Saturday, February 02, 2013

The Sacred Cow

Cows are revered in India.  They are allowed to roam about at their discresion.  No one would dare shoo away or invade their space.  You see them everywhere and in odd places.  If they choose to get upset, you just get out of their way.  I saw them walking on the side walks and down the middle of very crowded traffic lanes.  I saw them lying outside of local businesses and walking in a herd down a lonely residental street.  There might be some farms where cows are kept, but I am talking about city cows.

 

Yes...this is a picture of a cow that I took from inside the barber shop on a busy street!
There are trashpiles on random corners on the city streets.  You will often see cows standing and eating out of the trash piles.  This was a puzzelment to me.  What could possibly be in a human trash pile that a cow would eat?  I had this thought.  Local children go to school and the teacher asks them, "What do cows eat?".  In America, every pre-schooler knows the answer is grass...but not in India!  I'm sure their answer would have to be, "Trash".

I'm pretty sure it is a religious thing, but there are some cows that get dressed up.  They are decorated and dressed and paraded through the streets on a rope.  Chase calls them Indian cows.  There was one such fellow and his cow that would come down our street in the early morning hours.  He was carrying a crazy loud horn with which he would "make music".  We would be awakened by his call many mornings.
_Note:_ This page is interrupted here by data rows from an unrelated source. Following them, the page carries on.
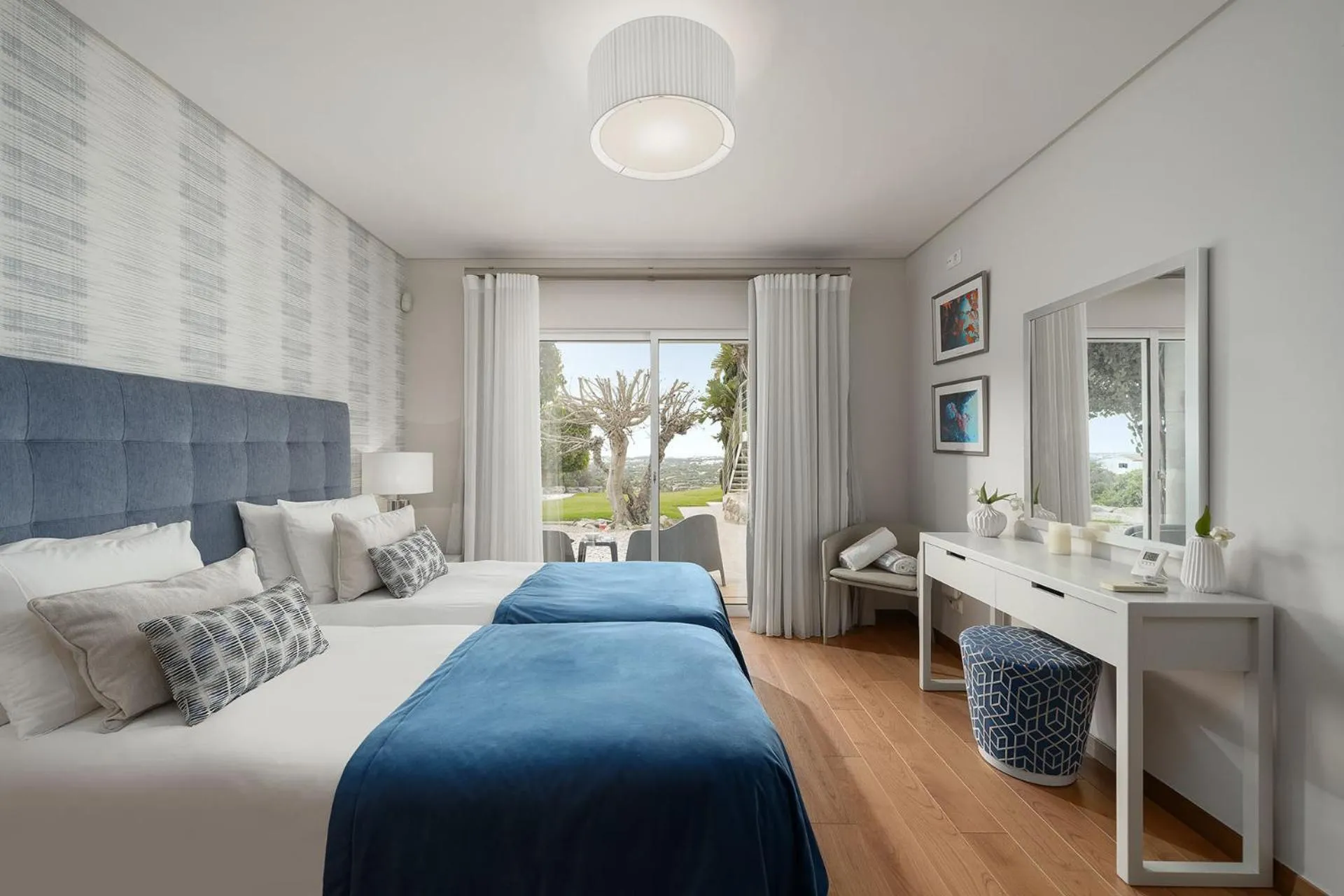 Bed in Villa Mebahel - Boliqueime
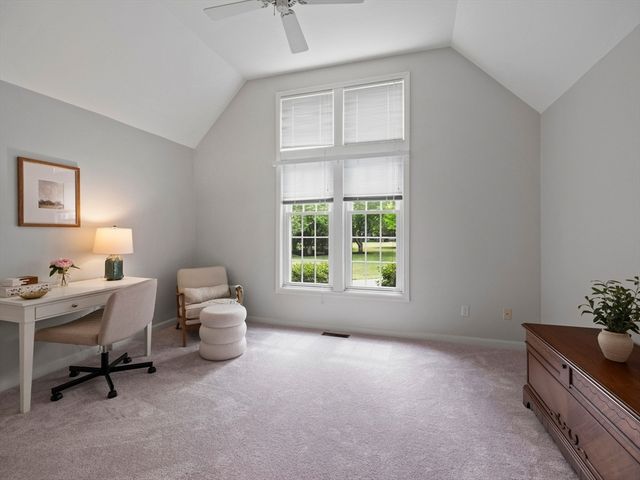 126 Audubon Dr 126, Acton, MA 01720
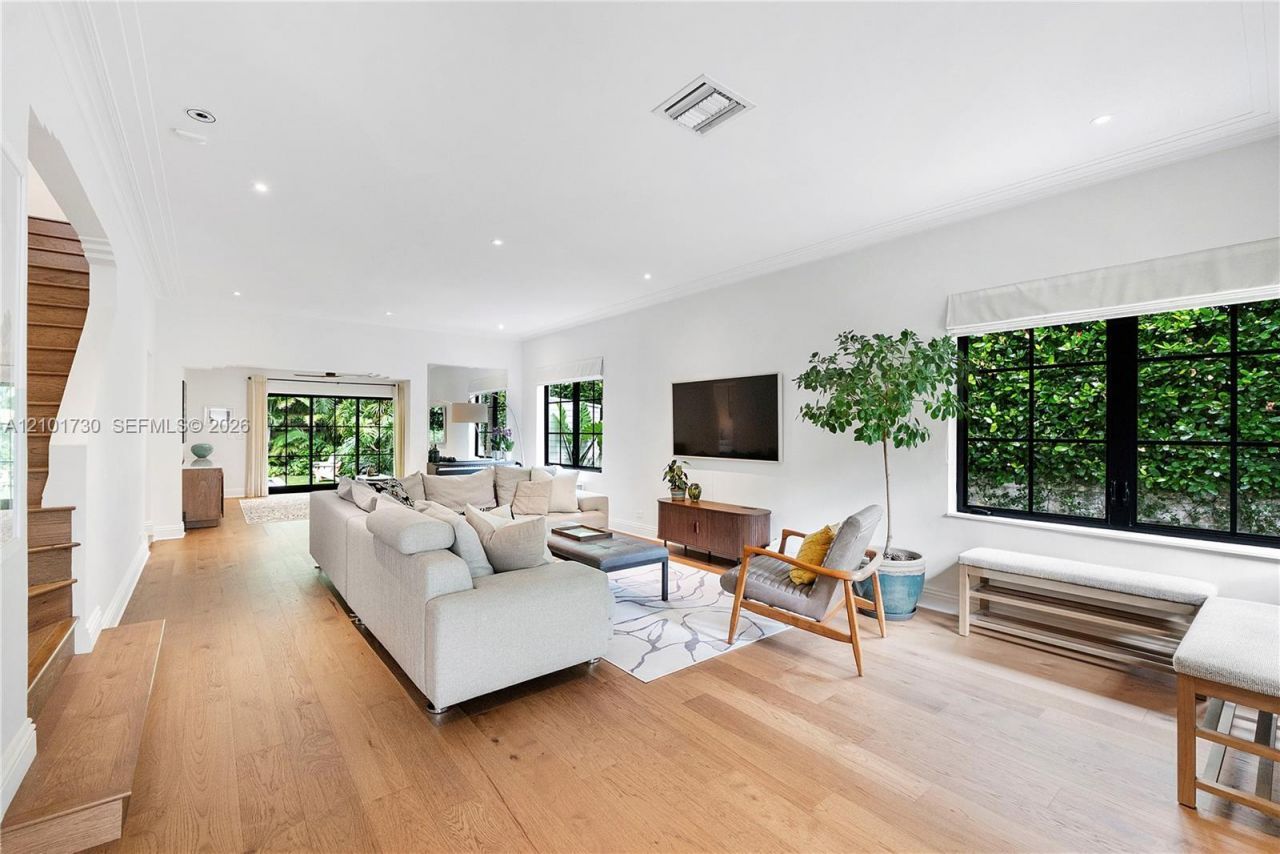 435 W 51st St, Miami Beach, FL 33140 Photo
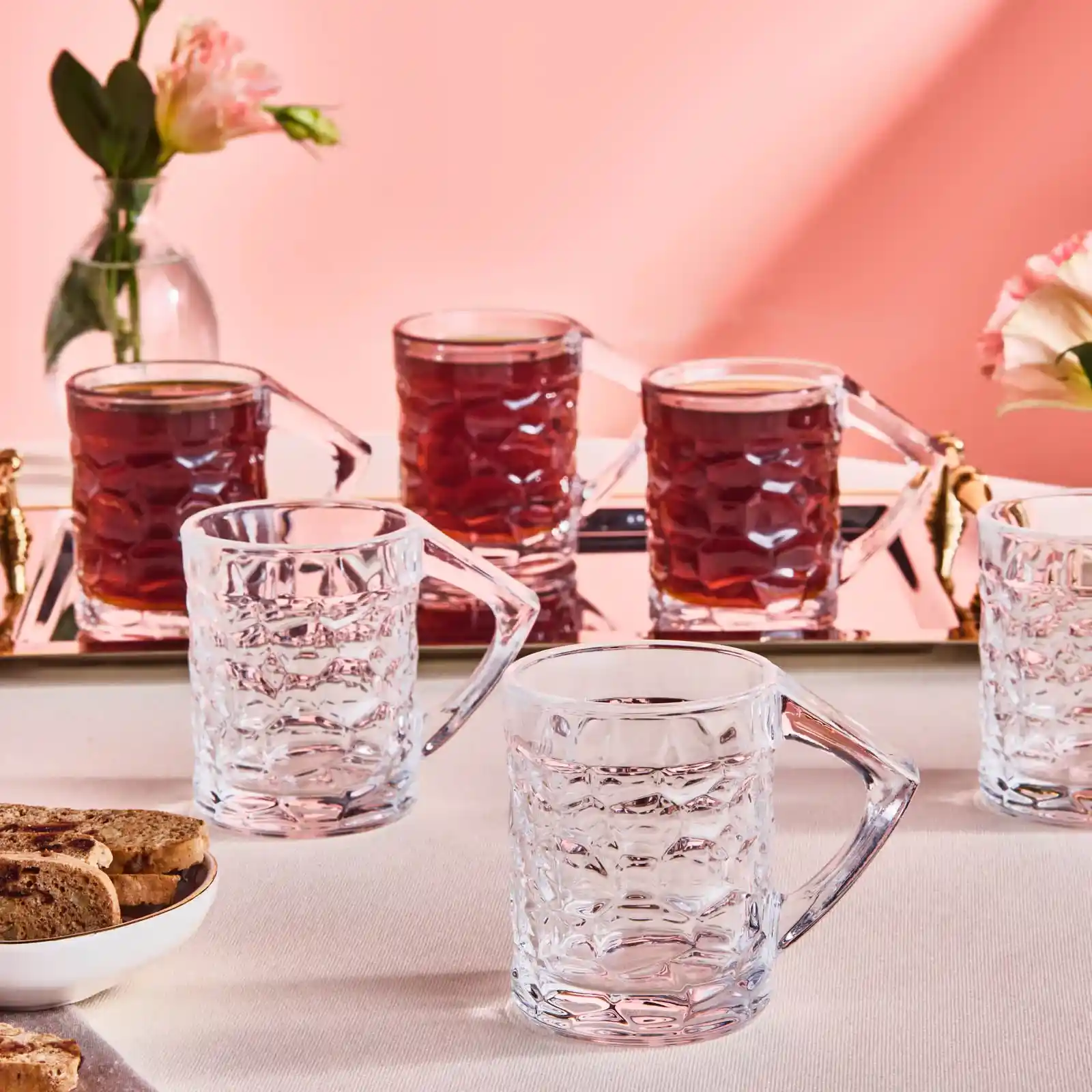 Dekorasyonda Zarif ve Şık Çay Bardağı Seçenekleri: Estetik ve Fonksiyonellik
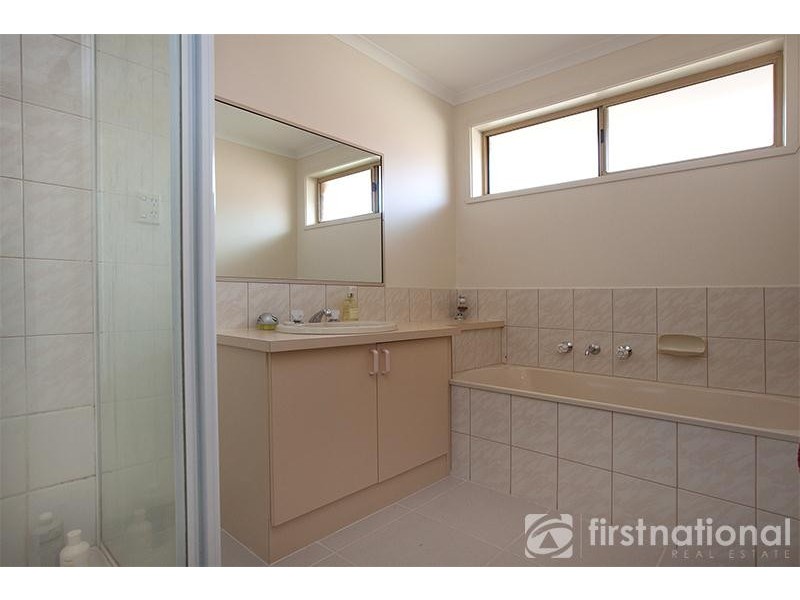 1/105 Princes Highway, Beaconsfield VIC 3807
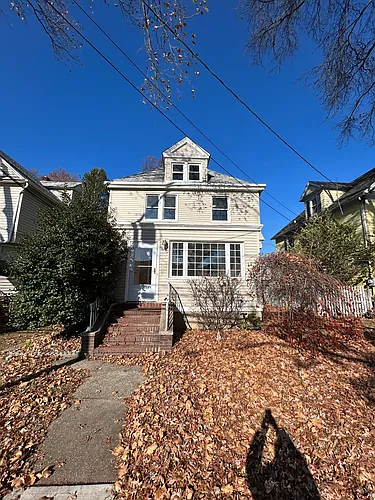 33 W Clay Ave Photo 1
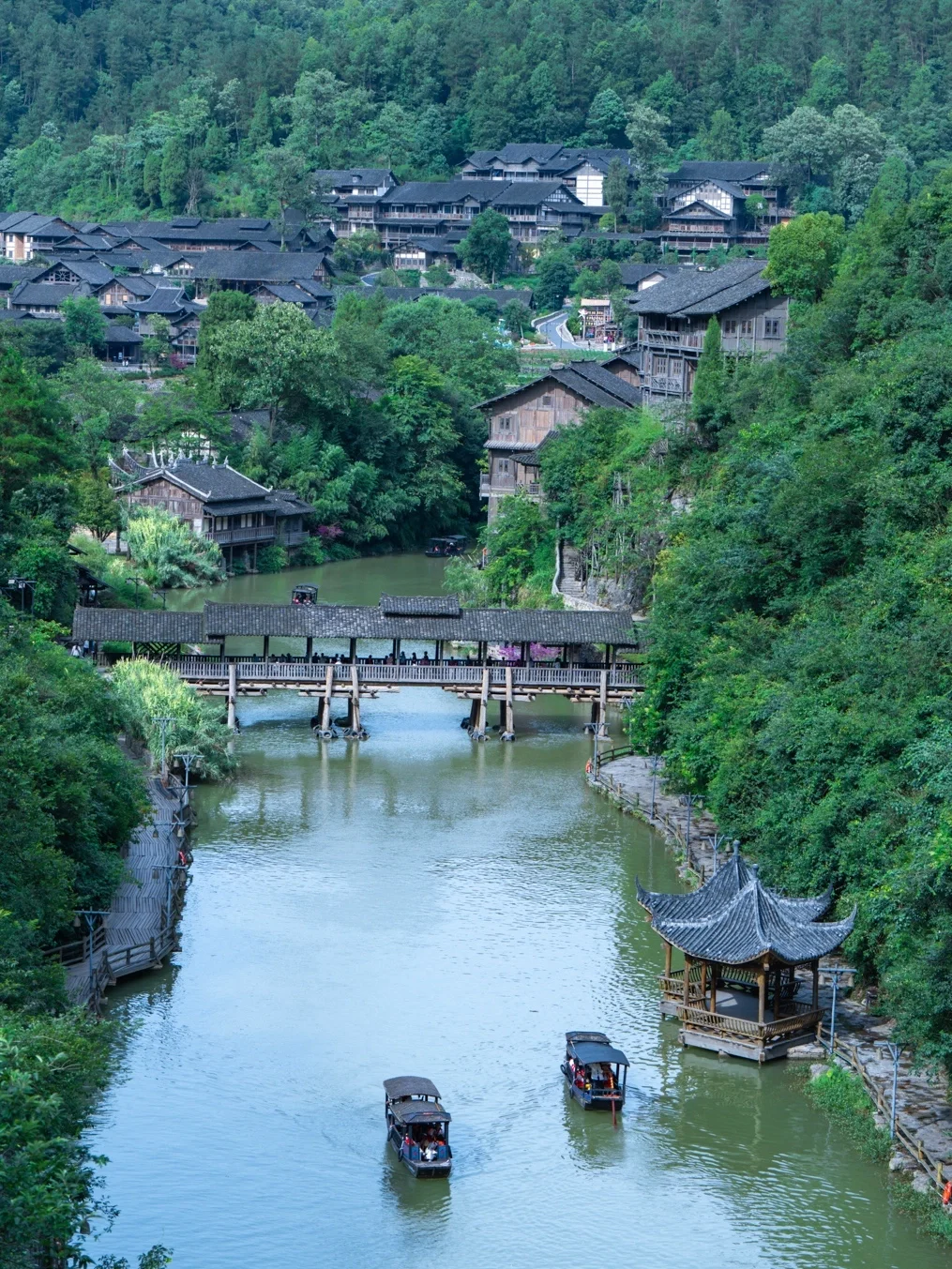 高铁直达|不想工作，就来这过几天神仙日子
Ajay does not like the deep "me-ee-hr" of the cow.  He is not afraid of the cows themselves, just of their sound.  He doesn't even like for his daddy to make the sound.  If you ask him how a cow goes, he gets a fearfull look in his eyes and says, "No".  This is too bad for a child being raised in a part of the world where cows roam (and mehr) freely!!

On occasion you will see something other than a cow - it is rare to see a horse or donkey or goat, but it happens.

Thank you, America, for keeping your cows on the farm and feeding them grass (or whatever)!